A conversa impulsionou os indivíduos a transformar lutas individuais em ação coletiva. E, assim, eles fundaram a organização que naquele momento pretendia responder a duas perguntas: existem negros no Ceará? Quais contribuições esses negros deixaram para o nosso território?
Segundo Valéria Carvalho, educadora popular e membro do grupo, a data de fundação do Grunec (21 de abril) não foi escolhida à toa, pois “enquanto o Brasil celebra um “herói” nacional nós celebramos o nosso verdadeiro herói que é Zumbi dos Palmares”. Para a ativista, ao longo das duas décadas, o grupo se pautou na “busca da dignidade que vem a partir do conhecimento da nossa história.”

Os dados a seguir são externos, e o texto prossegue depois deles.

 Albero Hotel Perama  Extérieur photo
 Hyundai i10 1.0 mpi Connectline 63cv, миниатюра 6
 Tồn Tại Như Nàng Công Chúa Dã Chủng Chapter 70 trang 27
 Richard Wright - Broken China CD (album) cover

Desde 2000, a organização já desenvolveu inúmeras atividades relevantes. Ações como o mapeamento das comunidades negras e quilombolas do Cariri cearense, que colocou essas regiões oficialmente no mapa do Estado.
Além disso, o Grunec contribui há dez anos com a construção da caminhada contra a intolerância religiosa realizada anualmente em Juazeiro do Norte e foi pedra angular para a realização da Marcha das Mulheres Negras do Cariri, realizada em 2015.

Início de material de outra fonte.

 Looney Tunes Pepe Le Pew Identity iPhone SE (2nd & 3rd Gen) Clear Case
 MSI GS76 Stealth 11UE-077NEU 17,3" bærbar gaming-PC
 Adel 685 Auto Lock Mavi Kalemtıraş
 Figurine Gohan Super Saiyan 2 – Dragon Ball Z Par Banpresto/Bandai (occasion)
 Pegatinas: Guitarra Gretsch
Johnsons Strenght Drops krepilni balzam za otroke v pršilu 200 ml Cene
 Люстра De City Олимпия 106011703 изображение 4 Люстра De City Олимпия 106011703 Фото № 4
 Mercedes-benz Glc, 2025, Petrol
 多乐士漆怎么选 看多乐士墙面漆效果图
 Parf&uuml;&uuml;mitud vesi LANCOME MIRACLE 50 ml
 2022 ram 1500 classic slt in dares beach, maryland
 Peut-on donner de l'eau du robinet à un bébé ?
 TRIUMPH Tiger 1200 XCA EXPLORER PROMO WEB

Hoje, o grupo tem proposto e atuado em questões ligadas à educação, saúde, mulheres negras, convivência com o semiárido e juventudes negras. E tem se dedicado a ações de acolhimento e integração de imigrantes venezuelanos que chegam à Região.
Nos últimos anos, muitos jovens têm se aproximado do Grunec, o que aponta uma renovação e ampliação das proposições de luta da organização. A estudante Maria Raiane, 21, faz parte da juventude do grupo há quatro anos e se aproximou da organização num momento delicado da vida.

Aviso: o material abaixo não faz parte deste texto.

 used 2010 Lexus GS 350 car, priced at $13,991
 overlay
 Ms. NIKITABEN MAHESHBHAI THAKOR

“Eu estava na sala de aula me sentindo mal, com bastante vontade de chorar, enquanto no Grunec estava acontecendo uma oficina de turbante. Eu saí da aula e fui pra sede do Grunec participar da oficina. No momento de partilha, pela primeira vez, eu me senti ouvida; eu me reconheci naquelas pessoas. Desde então, nunca mais abri mão de construir esse movimento.”
Raiane completa que a luta encabeçada pelo Grunec é fundamental tendo em vista que o Cariri é composto majoritariamente por afro-quilombolas e afro-indígenas. “Eu reconheci que a luta pela negritude não é só por mim, mas por todas as pessoas que moram num estado como o Ceará, que historicamente nega a existência das pessoas negras”, pontua a jovem.
O Grunec consegue unir gerações, pessoas negras sexagenárias e juventude que, apesar das diferenças e de todas as dores marcadas na pele, enxergam beleza na vida. Segundo Valéria, a maior beleza do povo negro caririense é a existência coletiva e partilha contínua. Raiane, por sua vez, destaca que conheceu o amor de estar numa organização na qual acredita, junto de pessoas que consideram importante a sua vivência.
Nesse contexto, uma palavra compartilhada constantemente por vários integrantes do Grunec é “AmorAção”, que é entendido como fórmula fundamental para o ajuntamento de forças na construção de um novo amanhã para a negritude cearense. Por isso, há 20 anos os corações pretos caririenses bradam: vida longa ao Grunec!